While many reports expected shoppers to start whittling their list earlier than ever this year, updated polls show many have been holding off. In fact a new survey found 41% of shoppers failed to make a dent in their holiday shopping during a spate of early retail sales from big brands in early October. The upshot? Plenty of shopping dollars out there for you to capture.
As you’re making (and remaking!) your promotional list and checking it twice, here are eight ways to boost traffic with shoppers, both in-store and online.
- Make the most of existing "shopping events."
While retailers are motivated to increase traffic throughout the season, there are certain times consumers have been conditioned to shop and are therefore likely to be out in force. The most notable are Black Friday (Nov. 25, 2022), Small Business Saturday (Nov. 26, 2022), CyberMonday (Nov. 28, 2022), Giving Tuesday (Nov. 29, 2022) and Super Saturday (Dec. 17, 2022). That means the opportunity lies not in encouraging them to shop in general but to visit your store or site specifically. Get your share of those shopping dollars by promoting around these occasions via social media, email and text messaging.
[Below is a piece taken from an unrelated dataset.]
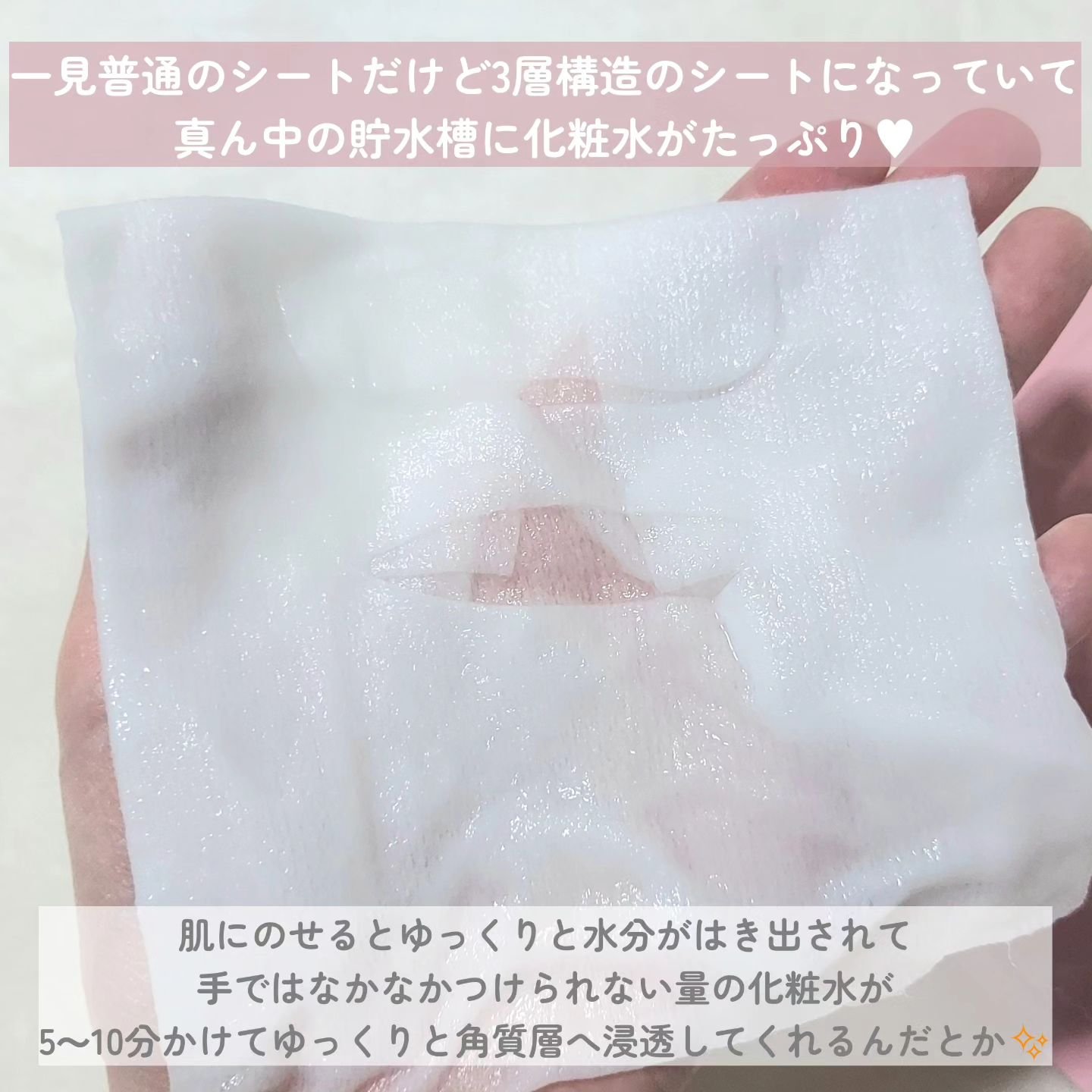 ルルルンピュア エブリーズ/ルルルン/シートマスク・パックを使ったクチコミ（3枚目）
- Work with other local retailers to create a festive Small Business Saturday atmosphere.
Many consumers are eager to resume traditions of seasons past and enjoy the hustle and bustle of group shopping. Make Small Business Saturday noteworthy by reaching out to your retail neighbors to collaborate on a shared activity that shoppers won’t want to miss. You can collectively offer samples and giveaways, live music and seasonal refreshments to attract traffic. With each store publicizing the event on their social media and through in-store signage and flyers, you can reach more people than you would alone.
- Cross-promote buying opportunities via online in and in-store channels if you offer them both.
Sometimes shoppers picture your brand in just the way they typically visit you, whether it’s in-store or online. By uniting your channels and creating a seamless experience no matter where they access your store, you can capture their dollars wherever they choose to spend them. One smart strategy is to offer free pickup and returns in-store, which allows them to shop from the comfort of their homes without worry of additional charges while ultimately increasing foot traffic and encouraging impulse buys.
- Align with a philanthropic cause.
Today’s consumer aims to shop according to their values; in fact, an overwhelming 82% of consumers expect a brand’s values to align with their own. The holidays are an especially important time to think of others and present an opportunity for your brand to do well while doing “good.” Consider announcing your alignment with a particular cause on Giving Tuesday and then continue to promote your participation throughout the season. You could donate a percentage of sales to the charity or invite customers to round up their own purchases to support it. Another option is to offer a service, like gift wrapping, in exchange for a donation.
- Plan discounts strategically.
While larger brands have more latitude for deep discounts, smaller businesses need to protect their margins by offering deals more selectively. Here are some suggestions:
- Focus your discounts on slow sellers rather than across your merchandise line to take full advantage of pricing power with hot items
Tie discounts to loyalty programs to incent and reward your best customers rather than one-time bargain hunters who won’t provide lasting value
Offer slight discounts on gift cards to encourage future visits when the selling season typically slows down in the new year
Drive store traffic and increase volume with coupons for a free gift with a higher threshold purchase
Consumers are increasingly relying on social media to make their shopping plans so make sure you have a robust presence. One wise way to create engaging content is to enlist social media-savvy employees to post and/or do live shopping segments. They likely have followings of their own that can boost the message beyond your brand account.
You can also turn shoppers into brand advocates through user-generated content. Shoppers are looking for immersive experiences like never before so encourage them to post and share their visit. Make stores “Instagram worthy” with festive backgrounds and photo props or a decorated “selfie” frame.
Supply chain snarls wreaked havoc on last season’s inventory, and many brands are still paying the price as they aim to divest lingering items, either from delayed shipments or changing customer tastes. Many smaller stores might be well-positioned to highlight fresh merchandise since they typically order on shorter timelines and may have less excess built up.
Build on that advantage by promoting “new” and “now” inventory via in-store signage and social media. Showcase these items on gift lists and educate your associates on how to highlight them to customers.
If you do have existing inventory to move, freshen it up rather than giving it away via steep discounts. Promote slow-moving items as “stocking stuffers” or “hostess gifts” and prepare bundles of complementary wares, with some of your slower movers included. Shoppers will feel like they’re getting a deal, and you can avoid overly obvious price markdowns.
Many consumers say they’re cutting back, but they might still be willing to indulge in smaller luxuries. Likewise, some studies are finding other customers are feeling financially confident and might be willing to splurge. Offer items at both spectrums and focus on personal service to help direct customers to the items that fit with their personal spending plan.